• PROBLEM REQUIREMENTS: From the records below, extract all the text exactly and leave the images behind.

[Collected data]

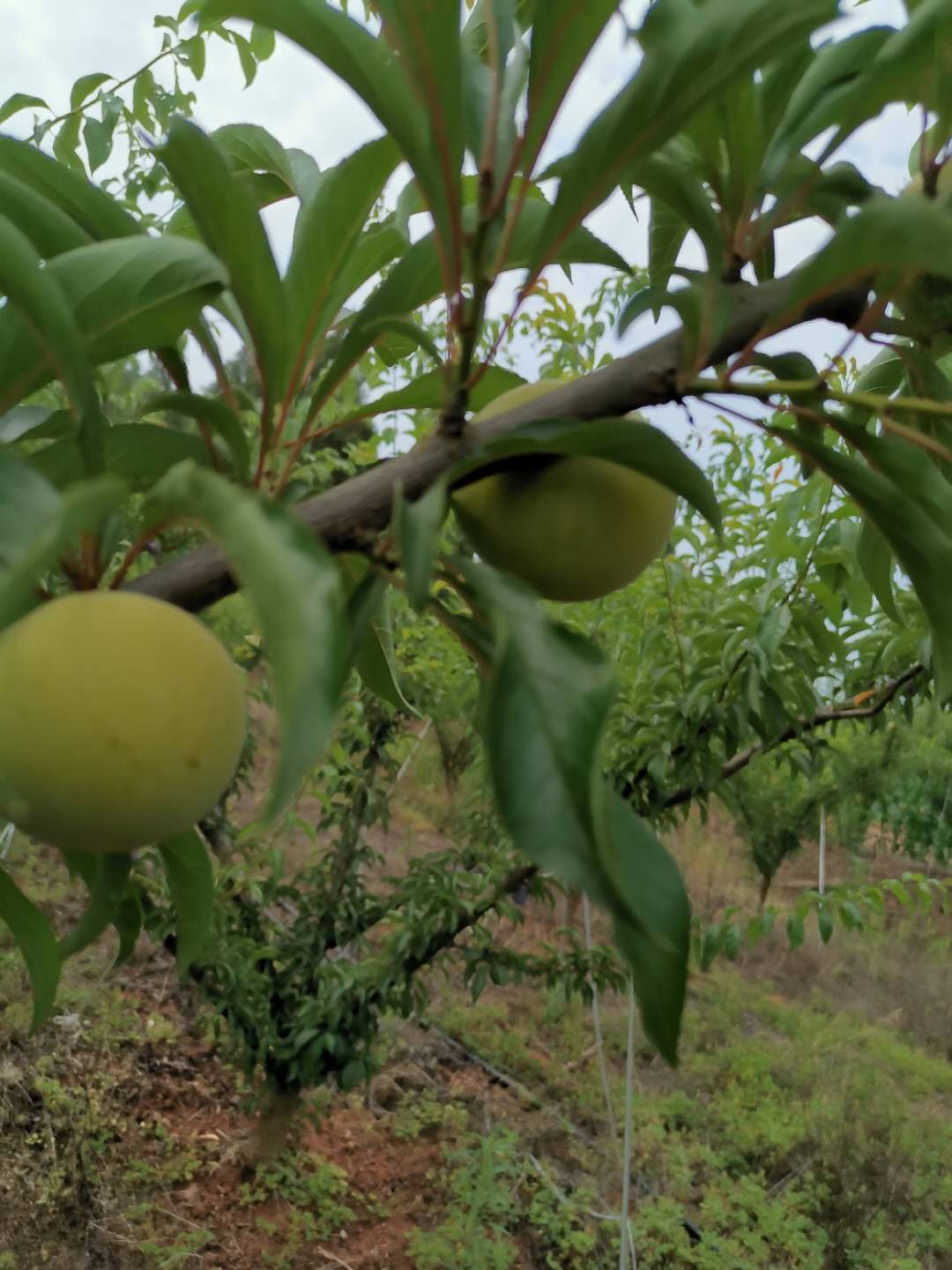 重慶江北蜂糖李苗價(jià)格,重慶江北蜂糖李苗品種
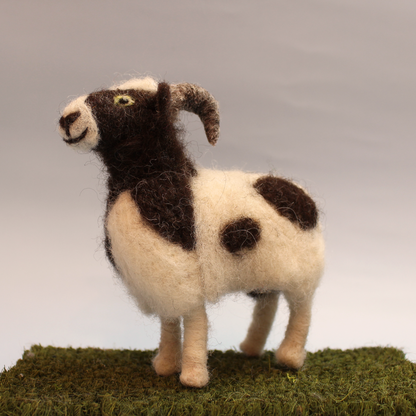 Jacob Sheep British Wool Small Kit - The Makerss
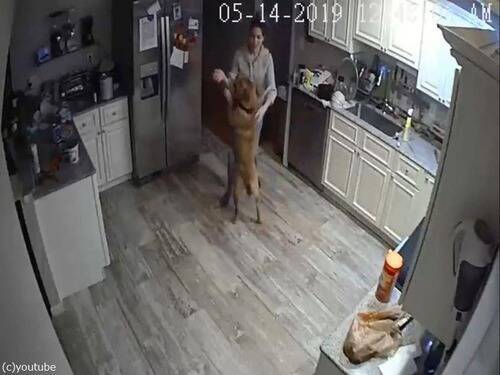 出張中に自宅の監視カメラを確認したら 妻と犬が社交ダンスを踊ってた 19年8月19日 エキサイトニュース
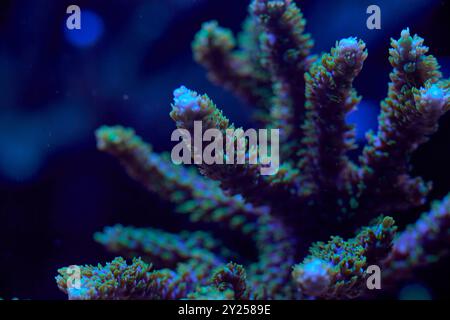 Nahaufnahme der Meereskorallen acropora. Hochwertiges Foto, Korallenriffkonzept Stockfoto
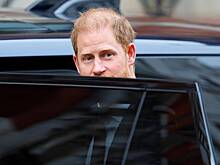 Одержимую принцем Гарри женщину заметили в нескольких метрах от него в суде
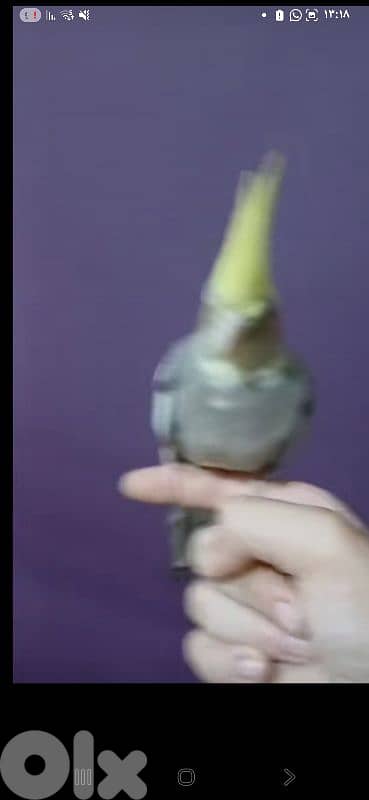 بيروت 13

• FINISHED EXERCISE:
 重慶江北蜂糖李苗價(jià)格,重慶江北蜂糖李苗品種
 Jacob Sheep British Wool Small Kit - The Makerss
 出張中に自宅の監視カメラを確認したら 妻と犬が社交ダンスを踊ってた 19年8月19日 エキサイトニュース
 Nahaufnahme der Meereskorallen acropora. Hochwertiges Foto, Korallenriffkonzept Stockfoto
 Одержимую принцем Гарри женщину заметили в нескольких метрах от него в суде
 بيروت 13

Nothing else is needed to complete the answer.